Scenegraph optimizations

From FlightGear wiki
Jump to navigation Jump to search
This article is a stub. You can help the wiki by expanding it.

This page is intended to gather comments related to optimizing our scene graph, which is a long-standing idea to address the issue of FlightGear being CPU bound for many end users.


RFC / 09/2020

Currently OpenGL wise we are basically geometry setup bound - at least for the models. This really means that vertices are not an issue. That still means that for setting up that one draw with 3 triangles is about as heavy as setting up say 500 triangles, but the conclusion of this is *not* that you should schedule as many triangles ass possible. The right conclusion is to collapse as many triangles as *sensible* for culling into a single draw.

A simple help is to switch on the onscreen stats in the viewer or flightgear and see if the yellow bar is longer than the orange one. A yellow bar longer than the orange one means that the cpu is not able to saturate the gpu. Again, beware this does in no way mean that you should write complicated shaders to saturate the gpu! This rather means that the geometry setup/state change time - the yellow one - must decrease![1]


Appart from OpenGL we spend a lot of time in scenegraph traversal. This is mostly due to plenty of structural and often needless nodes in the scenegraph. The reason or this is that historically the xml files did some implicit grouping for *every* animation in the xml file. To make that reilably work I had to introduce a huge amount of group nodes in the xml file loader. These really hurt today as they introduce a whole lot of group nodes that just have a single child which need to be traversed for update and for cull. Profiling shows that Group::traverse is the most used function in flightgear. The lowest hanging fruit could be to optimize away the redundant nodes from the top level model that gets loaded by a database pager request. We cannot do that recursively once a model part is loaded since the mentioned grouping nodes might be referenced in any level in the model hierarchy above the currently loaded model. So only the top level model could do this without braking tons of models.[2]

Flattening Transforms

To flatten the LOD quadtrees and transforms of the tiles. Each tile will get some top-level LOD groups for all objects (shared and static). I'm hoping in combination with the LOD-scale function in OSG, this will mean we can automatically drop random tress / building and STG objects to keep frame-rate up. (as an optional mode of course!)[3]

The trick is to minimize the number of LOD nodes introduced into the scene graph while avoiding popping effects.[4]

As already discussed this is good to do. But some of them are critical to stay like the are or at least similar. The first one that positions objects with respect to the earth centered coordinate system for precision reasons.

Also these coordinate systems coudl for drawing reasons aligned in any direction. But as long as we do simulations using the same tree and geometry alignments that we do for draw this still interferes with the bounding volumes we have for ground intersections. And this axis aligned bounding box implementation gains a lot by having the boxes horizontally aligned.

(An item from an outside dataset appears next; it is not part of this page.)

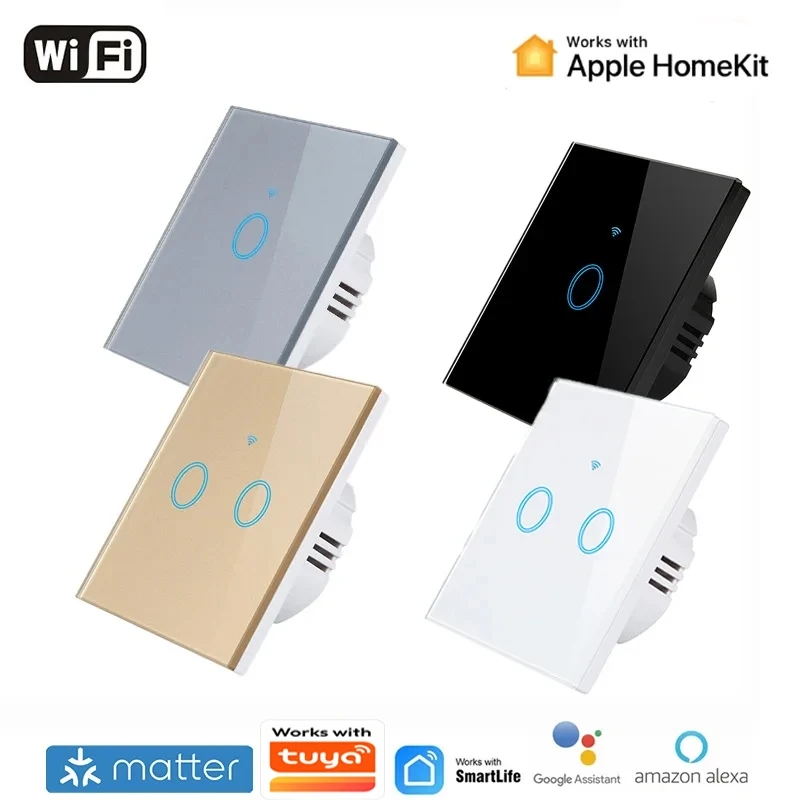 

Умный сенсорный настенный выключатель Matter Smart Wifi, не требующий нейтрального провода, с дистанционным управлением, для Apple HomeKit, Alexa, Google Assistant (европейский стандарт)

Todays transforms are done so that huger things are aligned with the horizont which serves this purpose.[5]


With gDebugger that the sky dome is made of more than 23000 vertices, even if a small amount of them are really displayed on screen.

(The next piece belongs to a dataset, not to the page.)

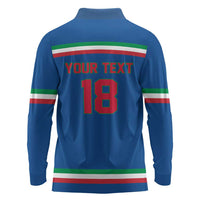 Italy Hockey Custom Long Sleeve Polo Shirt Italia Hockey Pride Vintage Blue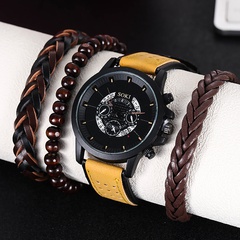 Men's Set Watch Bracelet Fashion Round Pointer Date Quartz Watch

In Rembrandt, several pass are done on 1/16th of the size of the screen (1/4th of each dimension), relying on the mag filter to cover the whole screen. This is the case of the blur pass in the AO or Bloom effects.[6]

In Fred's other terrain engine project, the sky is drawn with a quad (4 vertices at the corners of the screen). The view direction is computed in the vertex shader and then interpolated in a varying and renormalized in the fragment shader. That way there is no wasted computation (except the region overdrawn by the terrain, but that could be optimized with a stencil buffer)[7]